Dataset excerpts
>>>
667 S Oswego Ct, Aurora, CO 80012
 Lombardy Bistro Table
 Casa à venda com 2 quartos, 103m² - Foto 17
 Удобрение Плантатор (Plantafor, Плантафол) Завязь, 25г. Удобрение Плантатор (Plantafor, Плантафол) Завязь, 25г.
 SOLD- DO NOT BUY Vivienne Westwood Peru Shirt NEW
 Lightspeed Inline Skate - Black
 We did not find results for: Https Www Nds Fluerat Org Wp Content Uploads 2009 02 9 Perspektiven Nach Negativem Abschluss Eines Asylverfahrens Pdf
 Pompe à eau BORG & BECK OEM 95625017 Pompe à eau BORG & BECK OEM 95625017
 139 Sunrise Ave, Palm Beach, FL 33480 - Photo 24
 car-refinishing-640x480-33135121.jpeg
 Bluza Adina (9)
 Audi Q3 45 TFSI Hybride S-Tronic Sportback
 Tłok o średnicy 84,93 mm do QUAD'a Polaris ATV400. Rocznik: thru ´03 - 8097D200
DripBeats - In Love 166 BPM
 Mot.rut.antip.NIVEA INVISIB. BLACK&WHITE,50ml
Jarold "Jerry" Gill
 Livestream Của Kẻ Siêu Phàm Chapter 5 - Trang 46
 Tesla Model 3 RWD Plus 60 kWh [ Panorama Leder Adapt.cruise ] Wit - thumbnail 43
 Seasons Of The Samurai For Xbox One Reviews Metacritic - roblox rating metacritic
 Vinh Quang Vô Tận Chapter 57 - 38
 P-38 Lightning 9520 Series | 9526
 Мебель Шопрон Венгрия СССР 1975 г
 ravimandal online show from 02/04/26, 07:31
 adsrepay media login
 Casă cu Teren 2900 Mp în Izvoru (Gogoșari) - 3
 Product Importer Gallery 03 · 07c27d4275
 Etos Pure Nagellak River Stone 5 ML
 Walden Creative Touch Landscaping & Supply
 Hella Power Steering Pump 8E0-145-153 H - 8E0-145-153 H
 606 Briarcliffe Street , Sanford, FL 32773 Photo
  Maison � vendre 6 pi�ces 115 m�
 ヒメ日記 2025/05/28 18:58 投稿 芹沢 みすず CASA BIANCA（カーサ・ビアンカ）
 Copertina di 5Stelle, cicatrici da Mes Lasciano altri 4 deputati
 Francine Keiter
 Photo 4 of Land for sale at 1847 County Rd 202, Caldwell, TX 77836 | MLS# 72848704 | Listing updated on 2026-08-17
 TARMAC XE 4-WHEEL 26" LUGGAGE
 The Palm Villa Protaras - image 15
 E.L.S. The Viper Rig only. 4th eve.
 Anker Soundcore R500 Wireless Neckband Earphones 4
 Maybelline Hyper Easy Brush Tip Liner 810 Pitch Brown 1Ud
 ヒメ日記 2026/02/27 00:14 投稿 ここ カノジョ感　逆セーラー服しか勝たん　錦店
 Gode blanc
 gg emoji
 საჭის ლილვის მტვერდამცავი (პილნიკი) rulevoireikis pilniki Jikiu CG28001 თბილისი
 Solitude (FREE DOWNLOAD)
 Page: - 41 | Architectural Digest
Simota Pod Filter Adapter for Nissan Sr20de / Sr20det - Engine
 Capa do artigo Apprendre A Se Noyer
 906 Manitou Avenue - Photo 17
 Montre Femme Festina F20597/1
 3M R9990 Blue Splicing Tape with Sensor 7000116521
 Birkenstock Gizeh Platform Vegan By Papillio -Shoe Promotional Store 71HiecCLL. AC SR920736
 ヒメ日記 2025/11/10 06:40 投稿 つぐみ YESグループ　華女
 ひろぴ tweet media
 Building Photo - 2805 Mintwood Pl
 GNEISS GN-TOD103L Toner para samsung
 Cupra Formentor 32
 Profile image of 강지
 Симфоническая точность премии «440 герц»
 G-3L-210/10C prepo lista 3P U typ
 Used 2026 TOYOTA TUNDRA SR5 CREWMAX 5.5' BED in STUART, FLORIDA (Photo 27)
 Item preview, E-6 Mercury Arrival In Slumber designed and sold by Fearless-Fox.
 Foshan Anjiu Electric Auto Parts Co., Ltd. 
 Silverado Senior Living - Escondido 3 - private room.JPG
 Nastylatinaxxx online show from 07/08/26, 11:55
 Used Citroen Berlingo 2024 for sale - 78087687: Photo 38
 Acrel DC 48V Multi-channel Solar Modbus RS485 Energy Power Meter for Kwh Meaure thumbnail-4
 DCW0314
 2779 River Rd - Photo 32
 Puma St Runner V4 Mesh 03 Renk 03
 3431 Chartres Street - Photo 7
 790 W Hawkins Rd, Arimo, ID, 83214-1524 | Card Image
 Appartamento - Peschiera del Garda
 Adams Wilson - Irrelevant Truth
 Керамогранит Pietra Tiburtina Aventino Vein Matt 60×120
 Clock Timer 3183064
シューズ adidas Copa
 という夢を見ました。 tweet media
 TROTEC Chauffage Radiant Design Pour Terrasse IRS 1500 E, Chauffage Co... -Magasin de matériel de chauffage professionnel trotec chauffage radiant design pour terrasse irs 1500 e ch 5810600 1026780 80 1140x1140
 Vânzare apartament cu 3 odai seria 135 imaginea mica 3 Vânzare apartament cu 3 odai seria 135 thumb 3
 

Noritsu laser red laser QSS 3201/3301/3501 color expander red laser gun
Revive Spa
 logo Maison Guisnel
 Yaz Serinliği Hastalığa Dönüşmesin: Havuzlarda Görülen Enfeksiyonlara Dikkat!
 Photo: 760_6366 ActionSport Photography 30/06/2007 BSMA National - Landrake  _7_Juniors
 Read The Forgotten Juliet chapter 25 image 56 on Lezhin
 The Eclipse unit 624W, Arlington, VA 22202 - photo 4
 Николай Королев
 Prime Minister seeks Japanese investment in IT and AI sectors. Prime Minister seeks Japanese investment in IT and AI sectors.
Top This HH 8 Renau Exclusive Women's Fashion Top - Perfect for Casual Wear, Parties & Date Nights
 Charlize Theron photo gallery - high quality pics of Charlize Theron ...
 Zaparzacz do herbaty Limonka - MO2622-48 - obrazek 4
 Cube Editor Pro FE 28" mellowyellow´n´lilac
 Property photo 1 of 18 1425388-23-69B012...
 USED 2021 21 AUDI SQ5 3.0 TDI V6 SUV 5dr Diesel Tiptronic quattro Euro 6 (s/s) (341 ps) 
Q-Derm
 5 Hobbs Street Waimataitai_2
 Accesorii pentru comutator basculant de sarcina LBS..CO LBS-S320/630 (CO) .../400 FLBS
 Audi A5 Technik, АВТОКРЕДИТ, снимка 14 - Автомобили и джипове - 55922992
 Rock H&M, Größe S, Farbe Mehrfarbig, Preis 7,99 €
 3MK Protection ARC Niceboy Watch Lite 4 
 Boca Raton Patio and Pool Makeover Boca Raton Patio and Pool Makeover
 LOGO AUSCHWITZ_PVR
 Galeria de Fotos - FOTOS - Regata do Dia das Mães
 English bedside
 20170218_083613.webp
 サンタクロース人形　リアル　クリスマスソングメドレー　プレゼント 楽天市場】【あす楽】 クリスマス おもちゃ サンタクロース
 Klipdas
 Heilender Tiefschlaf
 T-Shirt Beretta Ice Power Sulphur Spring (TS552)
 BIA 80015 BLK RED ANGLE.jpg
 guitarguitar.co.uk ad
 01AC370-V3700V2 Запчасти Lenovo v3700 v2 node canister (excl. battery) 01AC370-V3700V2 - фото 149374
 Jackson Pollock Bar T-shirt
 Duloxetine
<<<
§ Exercise instructions:
Exactly as they stand, repeat all the records.

§ Exercise solution:
667 S Oswego Ct, Aurora, CO 80012
 Lombardy Bistro Table
 Casa à venda com 2 quartos, 103m² - Foto 17
 Удобрение Плантатор (Plantafor, Плантафол) Завязь, 25г. Удобрение Плантатор (Plantafor, Плантафол) Завязь, 25г.
 SOLD- DO NOT BUY Vivienne Westwood Peru Shirt NEW
 Lightspeed Inline Skate - Black
 We did not find results for: Https Www Nds Fluerat Org Wp Content Uploads 2009 02 9 Perspektiven Nach Negativem Abschluss Eines Asylverfahrens Pdf
 Pompe à eau BORG & BECK OEM 95625017 Pompe à eau BORG & BECK OEM 95625017
 139 Sunrise Ave, Palm Beach, FL 33480 - Photo 24
 car-refinishing-640x480-33135121.jpeg
 Bluza Adina (9)
 Audi Q3 45 TFSI Hybride S-Tronic Sportback
 Tłok o średnicy 84,93 mm do QUAD'a Polaris ATV400. Rocznik: thru ´03 - 8097D200
DripBeats - In Love 166 BPM
 Mot.rut.antip.NIVEA INVISIB. BLACK&WHITE,50ml
Jarold "Jerry" Gill
 Livestream Của Kẻ Siêu Phàm Chapter 5 - Trang 46
 Tesla Model 3 RWD Plus 60 kWh [ Panorama Leder Adapt.cruise ] Wit - thumbnail 43
 Seasons Of The Samurai For Xbox One Reviews Metacritic - roblox rating metacritic
 Vinh Quang Vô Tận Chapter 57 - 38
 P-38 Lightning 9520 Series | 9526
 Мебель Шопрон Венгрия СССР 1975 г
 ravimandal online show from 02/04/26, 07:31
 adsrepay media login
 Casă cu Teren 2900 Mp în Izvoru (Gogoșari) - 3
 Product Importer Gallery 03 · 07c27d4275
 Etos Pure Nagellak River Stone 5 ML
 Walden Creative Touch Landscaping & Supply
 Hella Power Steering Pump 8E0-145-153 H - 8E0-145-153 H
 606 Briarcliffe Street , Sanford, FL 32773 Photo
  Maison � vendre 6 pi�ces 115 m�
 ヒメ日記 2025/05/28 18:58 投稿 芹沢 みすず CASA BIANCA（カーサ・ビアンカ）
 Copertina di 5Stelle, cicatrici da Mes Lasciano altri 4 deputati
 Francine Keiter
 Photo 4 of Land for sale at 1847 County Rd 202, Caldwell, TX 77836 | MLS# 72848704 | Listing updated on 2026-08-17
 TARMAC XE 4-WHEEL 26" LUGGAGE
 The Palm Villa Protaras - image 15
 E.L.S. The Viper Rig only. 4th eve.
 Anker Soundcore R500 Wireless Neckband Earphones 4
 Maybelline Hyper Easy Brush Tip Liner 810 Pitch Brown 1Ud
 ヒメ日記 2026/02/27 00:14 投稿 ここ カノジョ感　逆セーラー服しか勝たん　錦店
 Gode blanc
 gg emoji
 საჭის ლილვის მტვერდამცავი (პილნიკი) rulevoireikis pilniki Jikiu CG28001 თბილისი
 Solitude (FREE DOWNLOAD)
 Page: - 41 | Architectural Digest
Simota Pod Filter Adapter for Nissan Sr20de / Sr20det - Engine
 Capa do artigo Apprendre A Se Noyer
 906 Manitou Avenue - Photo 17
 Montre Femme Festina F20597/1
 3M R9990 Blue Splicing Tape with Sensor 7000116521
 Birkenstock Gizeh Platform Vegan By Papillio -Shoe Promotional Store 71HiecCLL. AC SR920736
 ヒメ日記 2025/11/10 06:40 投稿 つぐみ YESグループ　華女
 ひろぴ tweet media
 Building Photo - 2805 Mintwood Pl
 GNEISS GN-TOD103L Toner para samsung
 Cupra Formentor 32
 Profile image of 강지
 Симфоническая точность премии «440 герц»
 G-3L-210/10C prepo lista 3P U typ
 Used 2026 TOYOTA TUNDRA SR5 CREWMAX 5.5' BED in STUART, FLORIDA (Photo 27)
 Item preview, E-6 Mercury Arrival In Slumber designed and sold by Fearless-Fox.
 Foshan Anjiu Electric Auto Parts Co., Ltd. 
 Silverado Senior Living - Escondido 3 - private room.JPG
 Nastylatinaxxx online show from 07/08/26, 11:55
 Used Citroen Berlingo 2024 for sale - 78087687: Photo 38
 Acrel DC 48V Multi-channel Solar Modbus RS485 Energy Power Meter for Kwh Meaure thumbnail-4
 DCW0314
 2779 River Rd - Photo 32
 Puma St Runner V4 Mesh 03 Renk 03
 3431 Chartres Street - Photo 7
 790 W Hawkins Rd, Arimo, ID, 83214-1524 | Card Image
 Appartamento - Peschiera del Garda
 Adams Wilson - Irrelevant Truth
 Керамогранит Pietra Tiburtina Aventino Vein Matt 60×120
 Clock Timer 3183064
シューズ adidas Copa
 という夢を見ました。 tweet media
 TROTEC Chauffage Radiant Design Pour Terrasse IRS 1500 E, Chauffage Co... -Magasin de matériel de chauffage professionnel trotec chauffage radiant design pour terrasse irs 1500 e ch 5810600 1026780 80 1140x1140
 Vânzare apartament cu 3 odai seria 135 imaginea mica 3 Vânzare apartament cu 3 odai seria 135 thumb 3
 

Noritsu laser red laser QSS 3201/3301/3501 color expander red laser gun
Revive Spa
 logo Maison Guisnel
 Yaz Serinliği Hastalığa Dönüşmesin: Havuzlarda Görülen Enfeksiyonlara Dikkat!
 Photo: 760_6366 ActionSport Photography 30/06/2007 BSMA National - Landrake  _7_Juniors
 Read The Forgotten Juliet chapter 25 image 56 on Lezhin
 The Eclipse unit 624W, Arlington, VA 22202 - photo 4
 Николай Королев
 Prime Minister seeks Japanese investment in IT and AI sectors. Prime Minister seeks Japanese investment in IT and AI sectors.
Top This HH 8 Renau Exclusive Women's Fashion Top - Perfect for Casual Wear, Parties & Date Nights
 Charlize Theron photo gallery - high quality pics of Charlize Theron ...
 Zaparzacz do herbaty Limonka - MO2622-48 - obrazek 4
 Cube Editor Pro FE 28" mellowyellow´n´lilac
 Property photo 1 of 18 1425388-23-69B012...
 USED 2021 21 AUDI SQ5 3.0 TDI V6 SUV 5dr Diesel Tiptronic quattro Euro 6 (s/s) (341 ps) 
Q-Derm
 5 Hobbs Street Waimataitai_2
 Accesorii pentru comutator basculant de sarcina LBS..CO LBS-S320/630 (CO) .../400 FLBS
 Audi A5 Technik, АВТОКРЕДИТ, снимка 14 - Автомобили и джипове - 55922992
 Rock H&M, Größe S, Farbe Mehrfarbig, Preis 7,99 €
 3MK Protection ARC Niceboy Watch Lite 4 
 Boca Raton Patio and Pool Makeover Boca Raton Patio and Pool Makeover
 LOGO AUSCHWITZ_PVR
 Galeria de Fotos - FOTOS - Regata do Dia das Mães
 English bedside
 20170218_083613.webp
 サンタクロース人形　リアル　クリスマスソングメドレー　プレゼント 楽天市場】【あす楽】 クリスマス おもちゃ サンタクロース
 Klipdas
 Heilender Tiefschlaf
 T-Shirt Beretta Ice Power Sulphur Spring (TS552)
 BIA 80015 BLK RED ANGLE.jpg
 guitarguitar.co.uk ad
 01AC370-V3700V2 Запчасти Lenovo v3700 v2 node canister (excl. battery) 01AC370-V3700V2 - фото 149374
 Jackson Pollock Bar T-shirt
 Duloxetine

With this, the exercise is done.